As already mentioned, many Costco stores have it for $249. Membership is required, but well worth it, and Costco does have a pretty insanely liberal return policy.


----------



## supersportsfan (Sep 15, 2005)

RonDawg said:


> I wouldn't sleep on it. That's the best price I've ever seen at Amazon, and beats Costco. However, Amazon's prices fluctuate daily, sometimes more often than that, and it could very well go up again.


Which is exactly why I was (am) beating myself up. About 3 weeks ago, believe it or not, Amazon had it for $234 and change (yes, directly from them, and not another seller...FREE SHIPPING!) and it was that way for about a week. I looked at it every day, worried it might go down more (I had not really been looking at TiVo HD's lately, so I thought the price might be falling on them...hence me not buying it then.)

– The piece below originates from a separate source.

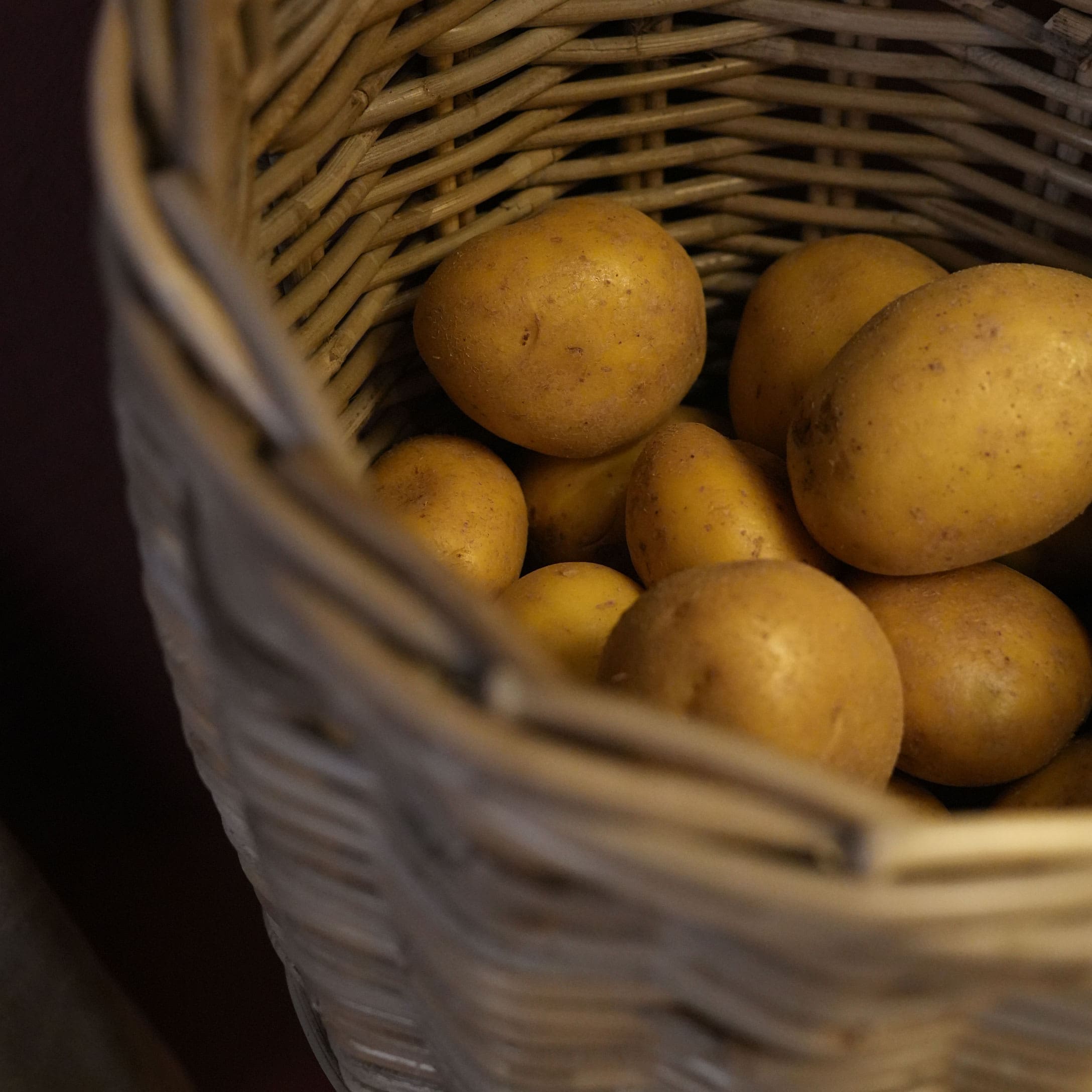 Verse aardappelen in een natuurlijke rieten mand, groenten voor de keuken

I was really bummed that it went back up to $259.99 for about two weeks, but now it is back down (somewhat) and I am jumping on it. I am not missing out on that again! The key is to keep an eye on the price for the next 30 days, and if it drops more, you can email customer service to get a refund on the difference  .

EDIT: Sorry Ron, didn't see that you wrote about the price guarantee too


----------



## alyssa (Dec 7, 2003)

jhawkstew said:


> The refurb price I found at tivo.com was $250 for the TiVo HD. So, since Amazon's price is now $247.36 for a brand new one, I think I'll go with that<snip>


Interesting- using the link I provided, I was able to get to the 'enter CC info page' with the price remaining at $199.99 + 129 for service.

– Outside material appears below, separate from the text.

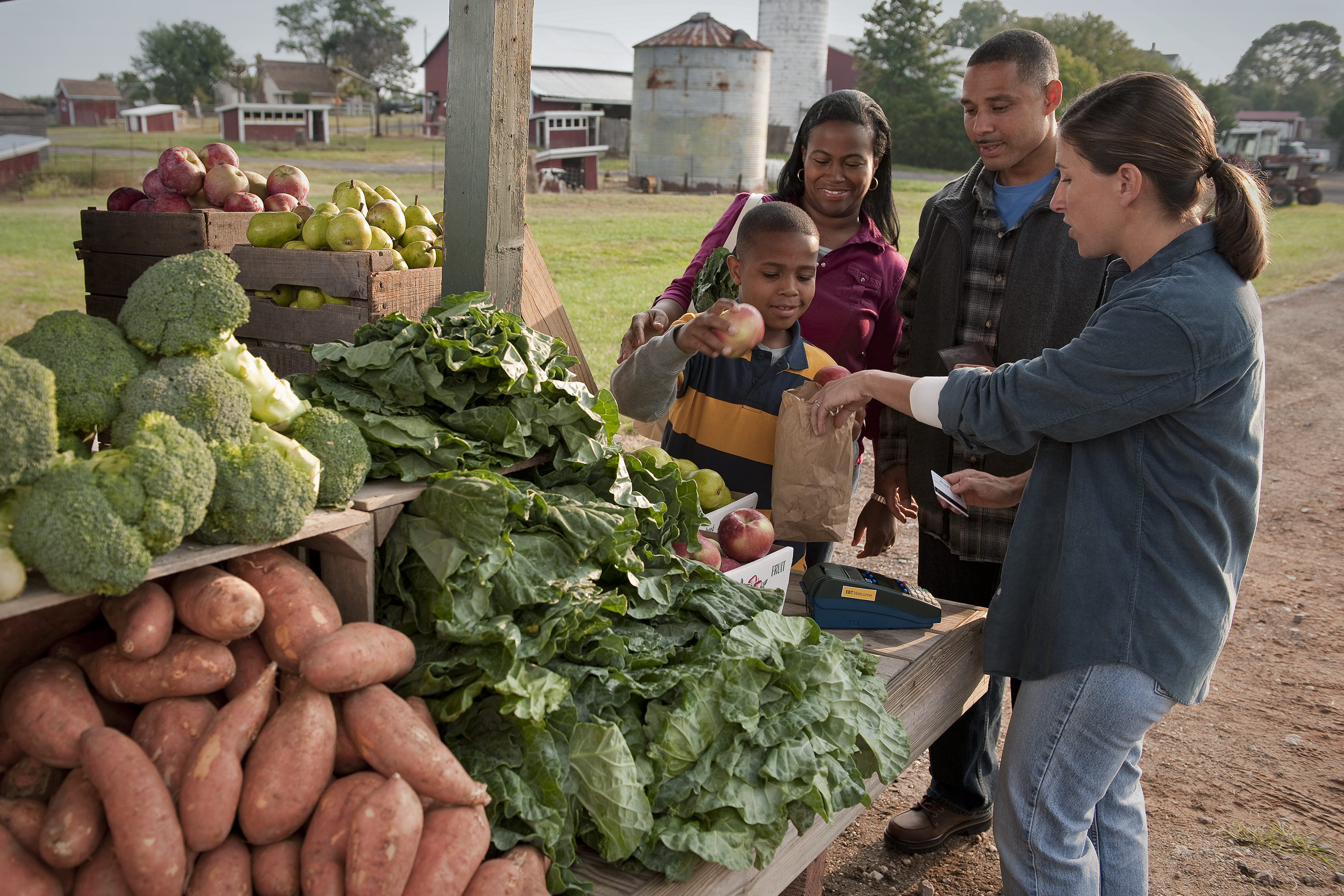 A family purchases produce from a farmers market vendor. (SNAP-Ed Photo Gallery, USDA)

Cool that amazon is down to $247 tho. I'm wondering if we'll see another price drop after the stimulus checks are a memory. Obviously I'm in no hurry.


----------



## 171176 (Mar 26, 2007)

I was apparently following a different link. I see the $200 refurb units when I follow your link. I'll have to give that some thought. I wish you could opt for the 3-yr prepaid service with those units.


----------



## alyssa (Dec 7, 2003)

yeah, the $200 offer seems to be hidden- makes me think it might be booboo or rescinded soon which was why I followed it to the CC page.

It kinda sucks that people who are transferring service from other tivos i.e. upgrading can't buy from Tivo.


----------



## jbjust (Jan 26, 2007)

According to Slickdeals, Fry's B&M store have new TivoHD's for $199.:up:


----------



## [NG]Owner (Dec 19, 2006)

Over the course of two months, I picked up two Tivo HDs, each upgraded to a 500 GB drive, each with lifetime service, shipped to my door for $697 each. The first was an eBay auction won on Superbowl Sunday. The second was the result of an email to the same seller requesting another one at the same price which he obliged.

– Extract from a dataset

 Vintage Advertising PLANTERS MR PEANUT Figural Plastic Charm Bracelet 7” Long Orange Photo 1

If interested, I can provide via PM the name of the company, and their ebay name, from whom I got my two units.

[NG]Owner


----------



## 171176 (Mar 26, 2007)

I would love to have that dealer's contact info. That's a pretty good deal. I might try to get ahold of them directly, or just look for them on eBay and make some bids on packages I like.


----------



## Microman66 (Nov 29, 2004)

My local Fry's here in Orange County has an ad, that shows the Tivo HD, and the price is $199 after instant 100 off. Todays newspaper ad.

Makes me think there might be an upgraded machine soon.


----------



## dbthornton (Nov 13, 2004)

Chicago Fry's had the same ad.
.
I price matched it at Best Buy and with a few rewards dollars, got it new for $179.99.
No more stalking Ebay!


----------



## alyssa (Dec 7, 2003)

amazon's back up to $260

I'm looking to upgrade my bedroom set up because my 20 year old tube tv is on it's last legs but not dead yet. I've got a 19" tube tv in the basement if I get stuck. So, I guess I'm holding out for a $200 HD tivo that I can switch my multi room discount too.


----------



## GoHokies! (Sep 21, 2005)

woot.com just had them for a few minutes at $180 - they're in the middle of a "woot off", so they might pop up again.


----------



## jtrain (Jan 17, 2006)

off a BB pricematch/12% RewardZone coupon and walked out with a brand spanking new TiVO HD for $175. Walked up to the cashier with box and printed ad in hand and there were no questions asked, they didn't even call Fry's to verify if they had any stock...was very impressed/giddy actually walking out of BB to the car.


----------



## alyssa (Dec 7, 2003)

Nice, Jtrain- I'd be grinning ear to ear also.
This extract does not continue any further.